=== YOUR OBJECTIVE ===
The records must be returned word for word.

=== GIVEN INFORMATION ===

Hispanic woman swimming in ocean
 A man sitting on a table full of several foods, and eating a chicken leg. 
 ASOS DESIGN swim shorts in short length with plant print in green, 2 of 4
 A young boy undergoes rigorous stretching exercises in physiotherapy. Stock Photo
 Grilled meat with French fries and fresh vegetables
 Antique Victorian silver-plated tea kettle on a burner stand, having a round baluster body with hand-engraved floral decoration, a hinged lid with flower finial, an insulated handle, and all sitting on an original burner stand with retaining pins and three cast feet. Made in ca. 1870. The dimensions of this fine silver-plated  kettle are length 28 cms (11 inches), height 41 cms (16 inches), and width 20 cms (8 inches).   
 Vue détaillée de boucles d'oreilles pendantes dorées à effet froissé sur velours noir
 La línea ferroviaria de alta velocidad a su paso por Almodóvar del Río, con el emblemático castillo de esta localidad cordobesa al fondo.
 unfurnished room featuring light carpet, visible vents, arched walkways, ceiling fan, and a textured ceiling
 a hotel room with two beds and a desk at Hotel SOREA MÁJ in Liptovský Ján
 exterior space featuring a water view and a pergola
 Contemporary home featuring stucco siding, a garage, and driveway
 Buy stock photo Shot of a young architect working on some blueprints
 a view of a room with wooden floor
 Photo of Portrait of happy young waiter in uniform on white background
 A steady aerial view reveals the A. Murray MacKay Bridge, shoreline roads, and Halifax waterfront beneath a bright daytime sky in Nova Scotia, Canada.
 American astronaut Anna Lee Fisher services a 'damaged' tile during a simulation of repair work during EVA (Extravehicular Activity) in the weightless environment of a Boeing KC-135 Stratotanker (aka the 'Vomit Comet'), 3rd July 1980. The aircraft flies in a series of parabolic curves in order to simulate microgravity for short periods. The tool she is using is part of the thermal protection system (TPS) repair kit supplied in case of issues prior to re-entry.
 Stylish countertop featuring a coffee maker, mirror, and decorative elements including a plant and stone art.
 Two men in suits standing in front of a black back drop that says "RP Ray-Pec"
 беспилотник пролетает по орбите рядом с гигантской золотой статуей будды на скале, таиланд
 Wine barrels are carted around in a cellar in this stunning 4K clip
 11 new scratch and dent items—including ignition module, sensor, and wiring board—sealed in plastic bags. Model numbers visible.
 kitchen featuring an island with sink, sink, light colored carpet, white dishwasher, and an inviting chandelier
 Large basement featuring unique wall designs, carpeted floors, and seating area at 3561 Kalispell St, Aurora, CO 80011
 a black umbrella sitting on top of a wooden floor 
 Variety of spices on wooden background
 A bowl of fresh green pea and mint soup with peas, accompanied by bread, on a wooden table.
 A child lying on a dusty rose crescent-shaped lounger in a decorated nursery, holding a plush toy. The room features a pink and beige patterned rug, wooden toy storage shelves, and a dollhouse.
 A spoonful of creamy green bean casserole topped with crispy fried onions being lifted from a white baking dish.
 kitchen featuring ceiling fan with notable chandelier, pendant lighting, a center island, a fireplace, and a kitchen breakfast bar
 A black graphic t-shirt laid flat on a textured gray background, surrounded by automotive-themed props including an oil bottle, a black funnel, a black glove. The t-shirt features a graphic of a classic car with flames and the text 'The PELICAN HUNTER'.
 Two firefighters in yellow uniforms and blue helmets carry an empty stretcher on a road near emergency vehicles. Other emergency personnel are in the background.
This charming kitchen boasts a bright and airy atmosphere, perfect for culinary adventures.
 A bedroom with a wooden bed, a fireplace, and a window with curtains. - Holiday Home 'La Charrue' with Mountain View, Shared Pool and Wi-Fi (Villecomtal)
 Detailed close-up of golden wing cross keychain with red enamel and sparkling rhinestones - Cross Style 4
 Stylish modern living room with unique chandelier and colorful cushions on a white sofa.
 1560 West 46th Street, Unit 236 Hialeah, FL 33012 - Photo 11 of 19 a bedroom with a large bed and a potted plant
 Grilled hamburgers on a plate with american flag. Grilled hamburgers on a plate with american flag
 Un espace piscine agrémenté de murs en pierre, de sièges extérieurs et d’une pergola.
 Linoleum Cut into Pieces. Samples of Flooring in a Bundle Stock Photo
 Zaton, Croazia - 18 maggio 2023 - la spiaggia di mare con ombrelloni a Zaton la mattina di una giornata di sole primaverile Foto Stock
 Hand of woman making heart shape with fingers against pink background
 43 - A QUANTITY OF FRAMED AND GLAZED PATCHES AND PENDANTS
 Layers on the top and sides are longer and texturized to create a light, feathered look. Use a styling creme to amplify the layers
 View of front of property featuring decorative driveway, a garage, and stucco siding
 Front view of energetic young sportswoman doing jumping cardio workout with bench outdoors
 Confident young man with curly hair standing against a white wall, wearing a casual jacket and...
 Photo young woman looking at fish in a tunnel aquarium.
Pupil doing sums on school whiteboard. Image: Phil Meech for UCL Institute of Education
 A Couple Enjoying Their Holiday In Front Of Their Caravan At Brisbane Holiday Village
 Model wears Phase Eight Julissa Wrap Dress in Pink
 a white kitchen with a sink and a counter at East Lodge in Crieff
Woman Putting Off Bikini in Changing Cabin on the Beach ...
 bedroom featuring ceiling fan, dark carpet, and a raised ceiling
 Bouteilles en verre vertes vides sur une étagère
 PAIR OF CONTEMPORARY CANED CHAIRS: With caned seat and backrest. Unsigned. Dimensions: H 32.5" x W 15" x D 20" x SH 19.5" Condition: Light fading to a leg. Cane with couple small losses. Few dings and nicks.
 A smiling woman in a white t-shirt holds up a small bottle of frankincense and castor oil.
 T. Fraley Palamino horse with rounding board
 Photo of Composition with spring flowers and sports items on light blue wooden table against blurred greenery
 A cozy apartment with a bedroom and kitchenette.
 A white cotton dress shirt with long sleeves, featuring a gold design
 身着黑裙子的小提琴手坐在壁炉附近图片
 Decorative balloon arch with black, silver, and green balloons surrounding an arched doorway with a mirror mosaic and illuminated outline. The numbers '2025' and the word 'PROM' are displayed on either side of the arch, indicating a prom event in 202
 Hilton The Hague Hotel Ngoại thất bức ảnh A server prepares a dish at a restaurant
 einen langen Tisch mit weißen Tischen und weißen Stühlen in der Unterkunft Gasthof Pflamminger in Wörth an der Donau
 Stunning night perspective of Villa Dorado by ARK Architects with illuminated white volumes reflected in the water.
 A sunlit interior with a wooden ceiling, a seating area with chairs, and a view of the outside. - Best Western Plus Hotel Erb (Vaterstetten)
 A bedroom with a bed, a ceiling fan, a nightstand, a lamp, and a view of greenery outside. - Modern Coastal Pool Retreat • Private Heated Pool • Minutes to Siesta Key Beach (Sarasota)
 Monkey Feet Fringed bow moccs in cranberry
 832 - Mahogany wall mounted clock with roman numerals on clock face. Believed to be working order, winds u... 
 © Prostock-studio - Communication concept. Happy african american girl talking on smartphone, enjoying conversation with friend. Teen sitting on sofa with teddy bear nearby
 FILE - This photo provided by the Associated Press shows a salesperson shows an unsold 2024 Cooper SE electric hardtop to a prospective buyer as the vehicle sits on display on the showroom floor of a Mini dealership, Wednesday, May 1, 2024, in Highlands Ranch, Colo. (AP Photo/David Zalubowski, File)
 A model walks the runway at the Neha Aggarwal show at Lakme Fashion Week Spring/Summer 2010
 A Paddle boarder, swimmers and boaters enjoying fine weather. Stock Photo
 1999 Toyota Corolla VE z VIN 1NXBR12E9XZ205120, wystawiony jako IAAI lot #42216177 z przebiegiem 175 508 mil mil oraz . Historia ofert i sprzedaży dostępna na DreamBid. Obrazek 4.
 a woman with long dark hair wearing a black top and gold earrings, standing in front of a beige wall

=== SOLUTION BELOW ===
Hispanic woman swimming in ocean
 A man sitting on a table full of several foods, and eating a chicken leg. 
 ASOS DESIGN swim shorts in short length with plant print in green, 2 of 4
 A young boy undergoes rigorous stretching exercises in physiotherapy. Stock Photo
 Grilled meat with French fries and fresh vegetables
 Antique Victorian silver-plated tea kettle on a burner stand, having a round baluster body with hand-engraved floral decoration, a hinged lid with flower finial, an insulated handle, and all sitting on an original burner stand with retaining pins and three cast feet. Made in ca. 1870. The dimensions of this fine silver-plated  kettle are length 28 cms (11 inches), height 41 cms (16 inches), and width 20 cms (8 inches).   
 Vue détaillée de boucles d'oreilles pendantes dorées à effet froissé sur velours noir
 La línea ferroviaria de alta velocidad a su paso por Almodóvar del Río, con el emblemático castillo de esta localidad cordobesa al fondo.
 unfurnished room featuring light carpet, visible vents, arched walkways, ceiling fan, and a textured ceiling
 a hotel room with two beds and a desk at Hotel SOREA MÁJ in Liptovský Ján
 exterior space featuring a water view and a pergola
 Contemporary home featuring stucco siding, a garage, and driveway
 Buy stock photo Shot of a young architect working on some blueprints
 a view of a room with wooden floor
 Photo of Portrait of happy young waiter in uniform on white background
 A steady aerial view reveals the A. Murray MacKay Bridge, shoreline roads, and Halifax waterfront beneath a bright daytime sky in Nova Scotia, Canada.
 American astronaut Anna Lee Fisher services a 'damaged' tile during a simulation of repair work during EVA (Extravehicular Activity) in the weightless environment of a Boeing KC-135 Stratotanker (aka the 'Vomit Comet'), 3rd July 1980. The aircraft flies in a series of parabolic curves in order to simulate microgravity for short periods. The tool she is using is part of the thermal protection system (TPS) repair kit supplied in case of issues prior to re-entry.
 Stylish countertop featuring a coffee maker, mirror, and decorative elements including a plant and stone art.
 Two men in suits standing in front of a black back drop that says "RP Ray-Pec"
 беспилотник пролетает по орбите рядом с гигантской золотой статуей будды на скале, таиланд
 Wine barrels are carted around in a cellar in this stunning 4K clip
 11 new scratch and dent items—including ignition module, sensor, and wiring board—sealed in plastic bags. Model numbers visible.
 kitchen featuring an island with sink, sink, light colored carpet, white dishwasher, and an inviting chandelier
 Large basement featuring unique wall designs, carpeted floors, and seating area at 3561 Kalispell St, Aurora, CO 80011
 a black umbrella sitting on top of a wooden floor 
 Variety of spices on wooden background
 A bowl of fresh green pea and mint soup with peas, accompanied by bread, on a wooden table.
 A child lying on a dusty rose crescent-shaped lounger in a decorated nursery, holding a plush toy. The room features a pink and beige patterned rug, wooden toy storage shelves, and a dollhouse.
 A spoonful of creamy green bean casserole topped with crispy fried onions being lifted from a white baking dish.
 kitchen featuring ceiling fan with notable chandelier, pendant lighting, a center island, a fireplace, and a kitchen breakfast bar
 A black graphic t-shirt laid flat on a textured gray background, surrounded by automotive-themed props including an oil bottle, a black funnel, a black glove. The t-shirt features a graphic of a classic car with flames and the text 'The PELICAN HUNTER'.
 Two firefighters in yellow uniforms and blue helmets carry an empty stretcher on a road near emergency vehicles. Other emergency personnel are in the background.
This charming kitchen boasts a bright and airy atmosphere, perfect for culinary adventures.
 A bedroom with a wooden bed, a fireplace, and a window with curtains. - Holiday Home 'La Charrue' with Mountain View, Shared Pool and Wi-Fi (Villecomtal)
 Detailed close-up of golden wing cross keychain with red enamel and sparkling rhinestones - Cross Style 4
 Stylish modern living room with unique chandelier and colorful cushions on a white sofa.
 1560 West 46th Street, Unit 236 Hialeah, FL 33012 - Photo 11 of 19 a bedroom with a large bed and a potted plant
 Grilled hamburgers on a plate with american flag. Grilled hamburgers on a plate with american flag
 Un espace piscine agrémenté de murs en pierre, de sièges extérieurs et d’une pergola.
 Linoleum Cut into Pieces. Samples of Flooring in a Bundle Stock Photo
 Zaton, Croazia - 18 maggio 2023 - la spiaggia di mare con ombrelloni a Zaton la mattina di una giornata di sole primaverile Foto Stock
 Hand of woman making heart shape with fingers against pink background
 43 - A QUANTITY OF FRAMED AND GLAZED PATCHES AND PENDANTS
 Layers on the top and sides are longer and texturized to create a light, feathered look. Use a styling creme to amplify the layers
 View of front of property featuring decorative driveway, a garage, and stucco siding
 Front view of energetic young sportswoman doing jumping cardio workout with bench outdoors
 Confident young man with curly hair standing against a white wall, wearing a casual jacket and...
 Photo young woman looking at fish in a tunnel aquarium.
Pupil doing sums on school whiteboard. Image: Phil Meech for UCL Institute of Education
 A Couple Enjoying Their Holiday In Front Of Their Caravan At Brisbane Holiday Village
 Model wears Phase Eight Julissa Wrap Dress in Pink
 a white kitchen with a sink and a counter at East Lodge in Crieff
Woman Putting Off Bikini in Changing Cabin on the Beach ...
 bedroom featuring ceiling fan, dark carpet, and a raised ceiling
 Bouteilles en verre vertes vides sur une étagère
 PAIR OF CONTEMPORARY CANED CHAIRS: With caned seat and backrest. Unsigned. Dimensions: H 32.5" x W 15" x D 20" x SH 19.5" Condition: Light fading to a leg. Cane with couple small losses. Few dings and nicks.
 A smiling woman in a white t-shirt holds up a small bottle of frankincense and castor oil.
 T. Fraley Palamino horse with rounding board
 Photo of Composition with spring flowers and sports items on light blue wooden table against blurred greenery
 A cozy apartment with a bedroom and kitchenette.
 A white cotton dress shirt with long sleeves, featuring a gold design
 身着黑裙子的小提琴手坐在壁炉附近图片
 Decorative balloon arch with black, silver, and green balloons surrounding an arched doorway with a mirror mosaic and illuminated outline. The numbers '2025' and the word 'PROM' are displayed on either side of the arch, indicating a prom event in 202
 Hilton The Hague Hotel Ngoại thất bức ảnh A server prepares a dish at a restaurant
 einen langen Tisch mit weißen Tischen und weißen Stühlen in der Unterkunft Gasthof Pflamminger in Wörth an der Donau
 Stunning night perspective of Villa Dorado by ARK Architects with illuminated white volumes reflected in the water.
 A sunlit interior with a wooden ceiling, a seating area with chairs, and a view of the outside. - Best Western Plus Hotel Erb (Vaterstetten)
 A bedroom with a bed, a ceiling fan, a nightstand, a lamp, and a view of greenery outside. - Modern Coastal Pool Retreat • Private Heated Pool • Minutes to Siesta Key Beach (Sarasota)
 Monkey Feet Fringed bow moccs in cranberry
 832 - Mahogany wall mounted clock with roman numerals on clock face. Believed to be working order, winds u... 
 © Prostock-studio - Communication concept. Happy african american girl talking on smartphone, enjoying conversation with friend. Teen sitting on sofa with teddy bear nearby
 FILE - This photo provided by the Associated Press shows a salesperson shows an unsold 2024 Cooper SE electric hardtop to a prospective buyer as the vehicle sits on display on the showroom floor of a Mini dealership, Wednesday, May 1, 2024, in Highlands Ranch, Colo. (AP Photo/David Zalubowski, File)
 A model walks the runway at the Neha Aggarwal show at Lakme Fashion Week Spring/Summer 2010
 A Paddle boarder, swimmers and boaters enjoying fine weather. Stock Photo
 1999 Toyota Corolla VE z VIN 1NXBR12E9XZ205120, wystawiony jako IAAI lot #42216177 z przebiegiem 175 508 mil mil oraz . Historia ofert i sprzedaży dostępna na DreamBid. Obrazek 4.
 a woman with long dark hair wearing a black top and gold earrings, standing in front of a beige wall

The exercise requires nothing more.